NOT FOR RELEASE, PUBLICATION OR DISTRIBUTION IN WHOLE OR IN PART, IN, INTO OR FROM ANY JURISDICTION WHERE TO DO SO WOULD CONSTITUTE A VIOLATION OF THE RELEVANT LAWS OF SUCH JURISDICTION

 

 

 

12 February 2014

 

 

IG Seismic Services PLC ("IGSS") notes the announcement made by U.C.E. Synttech Holdings Limited ("Synttech") today regarding the level of acceptances received in relation to the Offer.

 

As outlined in the Offer Document dated 22 January 2014, the Offer is conditional on valid acceptances being received (and not, where permitted, withdrawn) by not later than 1.00 p.m. (London time) on 12 February 2014 (or such later time(s) and/ or date(s) as Synttech may, subject to the rules of the Code or with the consent of the Panel, decide) in respect of such number of IGSS Shares which, together with the IGSS Shares acquired or agreed to be acquired by Synttech or parties acting in concert with Synttech before or during the Offer Period (whether pursuant to the Offer or otherwise), will result in Synttech and any person acting in concert with it holding IGSS Shares carrying more than 50 per cent. of the voting rights then normally exercisable at a general meeting of IGSS. For the purpose of this condition, IGSS Shares which have been unconditionally allotted but not issued before the Offer becomes unconditional, whether pursuant to the exercise of any outstanding subscription or conversion rights or otherwise, shall be deemed to carry the voting rights which they will carry on issue.

 

Computershare Investor Services PLC, which is acting as Receiving Agent in relation to the Offer, confirms that as of 5pm on the 11 February 2014 it had received acceptances in relation to 5,104,860 ordinary shares or approximately 24.50 per cent. of IGSS's issued share capital not already owned by Synttech and its concert parties.

 

The combined number of valid acceptances and Synttech's interest amount to 11,312,868, representing approximately 54.30 per cent. of IGSS's issued share capital. Consequently, and in accordance with Rule 10 of the Code, the Offer is now deemed to be unconditional.

 

 

Enquiries:

 

IG Seismic Services Plc, Board of Directors Secretary

Anna Zaytseva, + 357 2226 9655

azayceva@igseis.com 

 

IG Seismic Services Plc, Media Relations

Victoria Smirnova, +7 495 580 7882 ext. 396

v.smirnova@igseis.com

 

Disclosure requirements of the Takeover Code (the Code)

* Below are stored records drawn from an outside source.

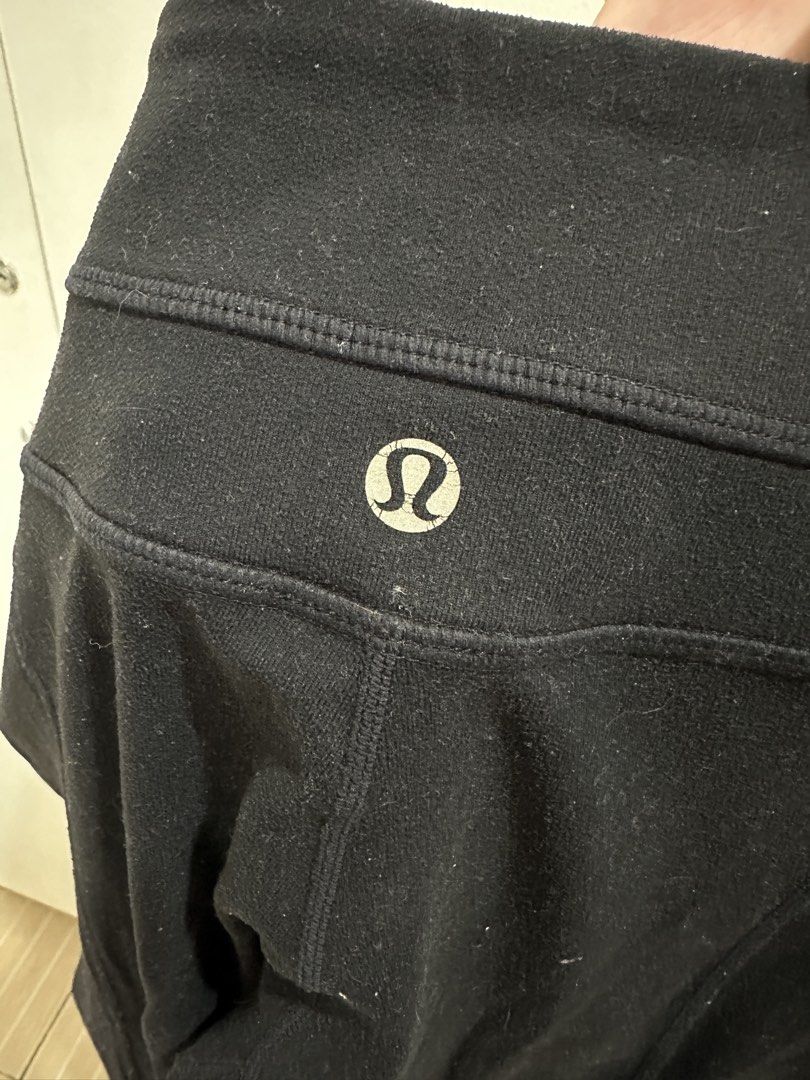 Lululemon Flare Yoga Pants Size 6 (Category: Activewear) located in Quezon City. Submitted by tatuz04 (Listing ID 1421343465, Image 2). Description: - Lululemon flare yoga pants - Size 6 - Features Lululemon logo - Wide leg opening - Made of soft, stretchy material - Perfect for yoga or everyday wear.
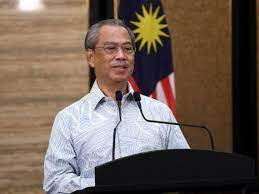 Muhyiddin had arrived earlier today at 7.50am and was seen to enter istana negara through. Muhyiddin Ambil Peduli Prihatin Masalah Rakyat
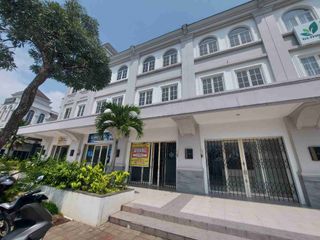 ruko 3lantai lokasi strategis di podomoro park buahbatu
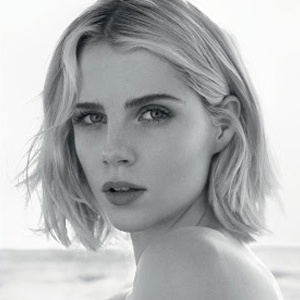 5 Minutes with actress Lucy Boynton on fragrance memories and what she loves about Chloé Signature Rose Tangerine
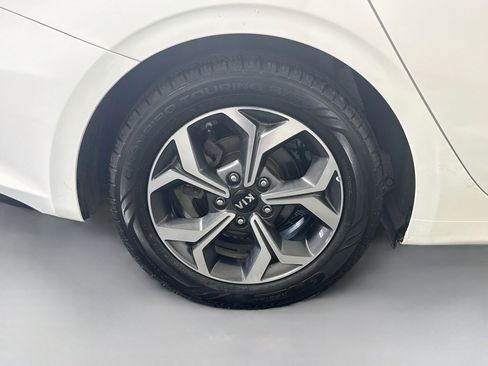 Used 2019 Kia Forte LXS FWD image 32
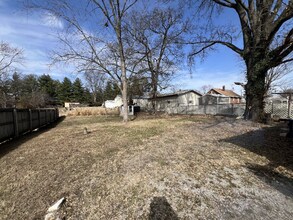 30 Wilson Ave in Albion, IL - Foto de edificio - Building Photo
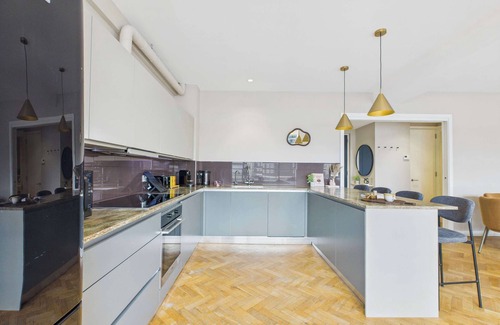 Hoxton Apartment | Luxury 2-Bedroom Duplex in London's Tech Hub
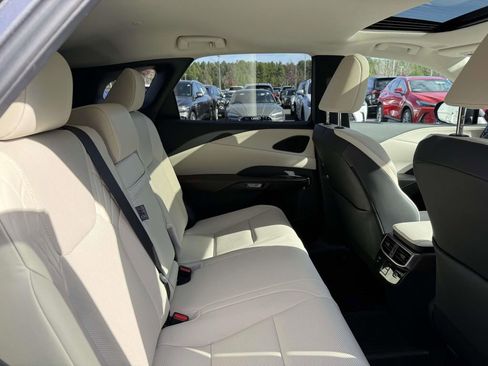 Used 2023 Lexus RX 350 Premium image 19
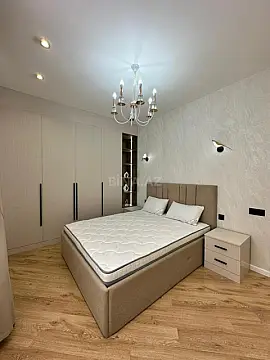Satılır 2 otaqlı mənzil 82 m²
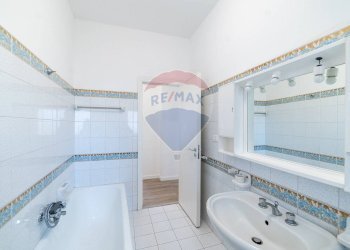 Bagno - Quadrilocale Via Vittorio Emanuele
 
101, Aci Catena - foto 17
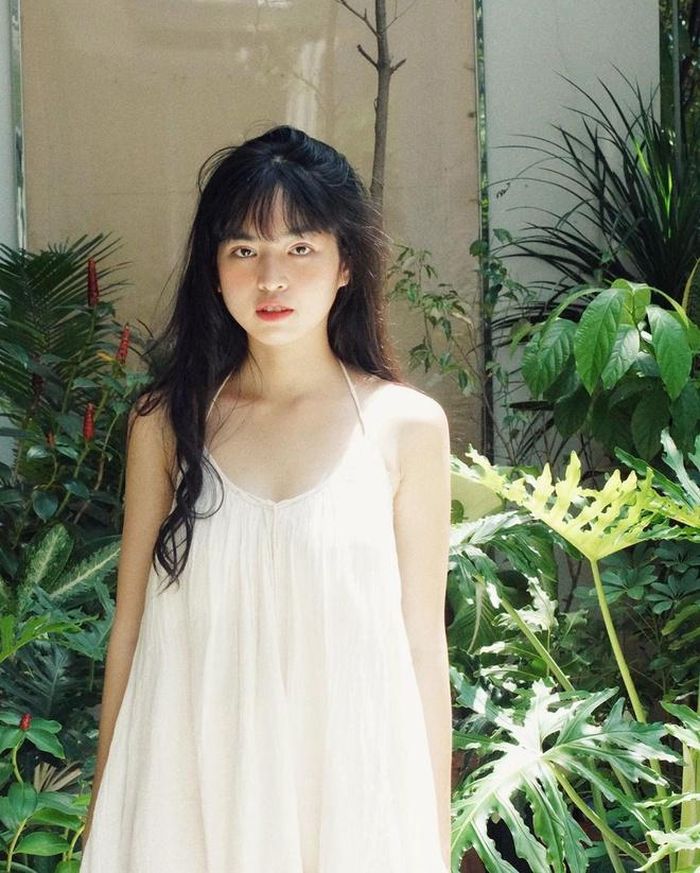  “Để tôi tự đánh giá thì tôi nghĩ mình đạt được 80-90% so với nhân vật Trà Long trong tiểu thuyết. Tôi và Trà Long giống nhau gần như hoàn toàn. Chỉ khác là Trà Long rất đảm đang, tháo vác việc nhà còn tôi thì hậu đậu. Về tính cách thì chúng tôi không có gì khác nhau”, cô nói. 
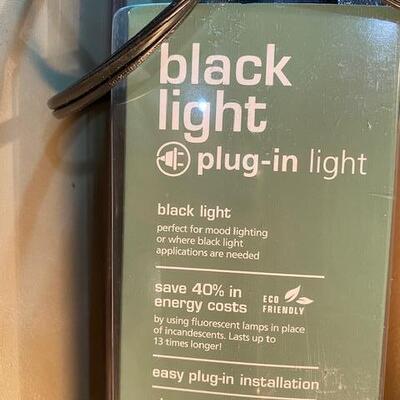 Lot 307 - Black Light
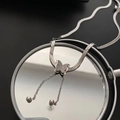 Collana con nappa a farfalla satinata in argento su superficie riflettente a specchio - Collana / Argento - Catena a Serpente con Nappa a Farfalla Opaca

Under Rule 8.3(a) of the Code, any person who is interested in 1% or more of any class of relevant securities of an offeree company or of any securities exchange offeror (being any offeror other than an offeror in respect of which it has been announced that its offer is, or is likely to be, solely in cash) must make an Opening Position Disclosure following the commencement of the offer period and, if later, following the announcement in which any securities exchange offeror is first identified. An Opening Position Disclosure must contain details of the person's interests and short positions in, and rights to subscribe for, any relevant securities of each of (i) the offeree company and (ii) any securities exchange offeror(s). An Opening Position Disclosure by a person to whom Rule 8.3(a) applies must be made by no later than 3.30 pm (London time) on the 10th business day following the commencement of the offer period and, if appropriate, by no later than 3.30 pm (London time) on the 10th business day following the announcement in which any securities exchange offeror is first identified. Relevant persons who deal in the relevant securities of the offeree company or of a securities exchange offeror prior to the deadline for making an Opening Position Disclosure must instead make a Dealing Disclosure.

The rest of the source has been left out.